Create simple, stunning containers
you’ll love to show off.
It’s the ultimate treat to come home to a pot wowing you with knock-out flowers and foliage that looks good for weeks. Lasting container garden success is easy to achieve with the right mix of pots, soil, and plants. These three ingredients are key to fashioning portable color and texture that will fix up any forlorn space in the landscape from balconies to benches. To fashion inviting mini gardens with a dash of intrigue, follow our easy container gardening guide.
All great containers have one thing in common — excellent drainage. Without drainage holes, a lushly planted container will soon become a soggy, rotten mess. A cast-iron urn, fluted terra-cotta pot, resin container or basket all boast excellent drainage capacity.
When purchasing terra-cotta or ceramic containers, look for pots that have drainage holes. Plastic or wood containers without drainage holes can be remedied with the help of a drill. Add four or five 1/2-inch-diameter drainage holes per square foot of surface area on the bottom of the container. Cover the drainage holes with three sheets of newspaper or landscape fabric to keep the soil in the container while allowing the water to freely drain.

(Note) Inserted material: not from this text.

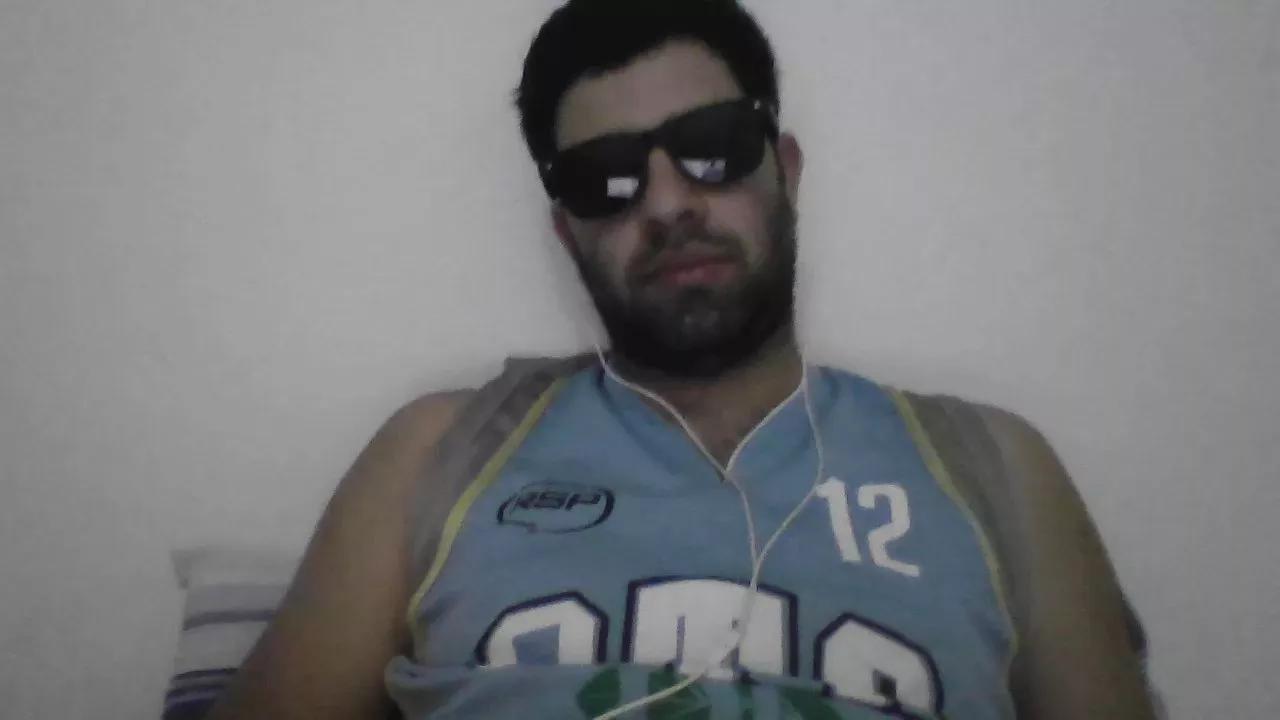 alexis2255 on Cam4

Traditional planting containers are made of metal, terra-cotta, wood, or plastic. Plan on watering terra-cotta or wood containers daily because their soil will dry out faster. Metal or plastic containers typically can be watered every other day. For a lightweight and moisture-retentive container, select plastic resin pots molded and glazed to resemble terra-cotta or stone containers.
For an unexpected look, transform an everyday object into a pot. Almost anything — from cast-off grain troughs to mesh bicycle baskets — can work as a planting container. Use a drill to add drainage holes to previously watertight vessels, and line baskets with moist sphagnum moss or coco fiber — porous materials that allow water to freely drain.
Flowers and Foliage
For an eye-pleasing container combo, select a trio of upright, mounding, and trailing plants. The upright plants serve as a focal point, while the mounding plants fill in gaps with splashes of color, and the trailers mask the edge of the pot.
The wide world of plants offers up an expansive palette of fine flowers and foliage for container gardens. Regardless of the type of plants you choose, ensure a healthy plant combination by selecting plants that will thrive in the amount of light and moisture the container will receive. For example shade-loving plants are a good choice for porch and low-light patio containers.